Interdire l’appariement des pièces, comme proposé dans l’Oregon, laisserait ces deux systèmes intacts, qui continueraient à fonctionner exactement comme aujourd’hui. Nous ne démordons pas de notre position à ce sujet : Apple devrait fournir aux centres de reconditionnement légitimes un moyen de mettre fin au verrouillage d’activation (John Bumstead, reconditionneur de MacBook et bénévole de longue date sur le Forum iFixit, a proposé une très bonne solution dans une interview accordée à Vice l’année dernière), mais interdire l’appariement des pièces ne toucherait pas à ce système.

De plus, l’appariement des pièces n’empêche personne de vendre ou d’utiliser des pièces iPhone provenant d’appareils verrouillés ou figurant sur la liste noire des opérateurs.

A stack of locked MacBooks in John Bumstead's refurbishment shop
Une pile de MacBook verrouillés – donc bons pour la poubelle  – dans l’atelier de John Bumstead.

L’appariement des pièces n’a aucune influence sur la valeur des pièces iPhone volées

Si l’appariement des pièces était destiné à empêcher la vente de pièces provenant de téléphones volés, voilà ce qui se passerait : si une pièce volée était montée dans un téléphone, une notification « Attention ! Pièce volée ! » s’afficherait, avec des informations sur l’appareil volé, qui pourraient être signalées aux autorités. Apple possède suffisamment d’informations sur les pièces sérialisées pour qu’un tel système soit techniquement réalisable, car le microcontrôleur de la pièce est enregistré comme étant lié à un appareil dans sa base de données. Pour chaque pièce iPhone, Apple pourrait effectuer une vérification dans sa base de données du verrouillage d’activation.

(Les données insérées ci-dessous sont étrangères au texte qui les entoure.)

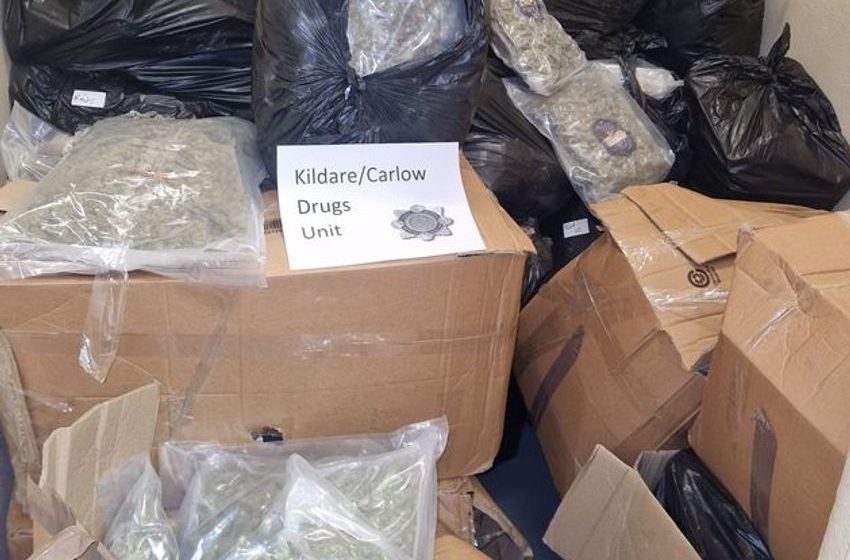  Gardaí arrest three men and a woman during €7m cannabis seizure
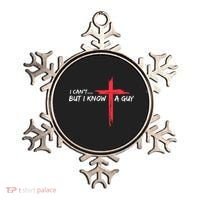 I Can't But I Know A Guy Jesus Cross Funny Christian  Ornament thumb 0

Mais ce n’est pas ainsi que cela fonctionne. En fait, les seules restrictions applicables aux pièces Apple en provenance d’appareils verrouillés ou mis sur liste noire des opérateurs sont pile les mêmes que celles qui s’appliquent aux pièces d’origine tierce et aux pièces échangées. En d’autres termes, une batterie iPhone volée alimentera votre téléphone, avec quelques avertissements contextuels (qui ne disent rien sur le fait qu’elle a été volée). Un écran iPhone volé fonctionnera parfaitement, à l’exception des fonctions True Tone et Luminosité automatique. Ces inconvénients n’indiquent pas que la pièce a été volée et ne signalent rien à une personne qui achèterait des pièces volées d’occasion sans le savoir. Les pièces volées auront le même aspect et fonctionneront de la même manière que n’importe quelle autre pièce légitime d’occasion ou d’origine tierce.

En outre, tout atelier spécialisé dans le démontage illégal d’iPhone dispose très certainement de reprogrammateurs de microcontrôleurs. Il existe des appareils capables de réinitialiser l’IMEI lié aux pièces Apple individuelles et de contourner la plupart des appariements de pièces iPhone. Nous ne pensons pas qu’il s’agisse ici d’une solution au problème de l’appariement des pièces dans le cadre de la réparation iPhone DIY et du reconditionnement, car c’est un procédé coûteux, très technique et assez douteux. Nous ne proposerons aucun lien vers ces appareils, mais ils sont largement disponibles et valent sans aucun doute la peine d’être utilisés dans le cadre d’une opération de vol d’iPhone. Et il y en a beaucoup – peut-être avez-vous entendu l’anecdote délirante des voleurs qui ont rendu un téléphone Android parce que ce n’était pas un iPhone.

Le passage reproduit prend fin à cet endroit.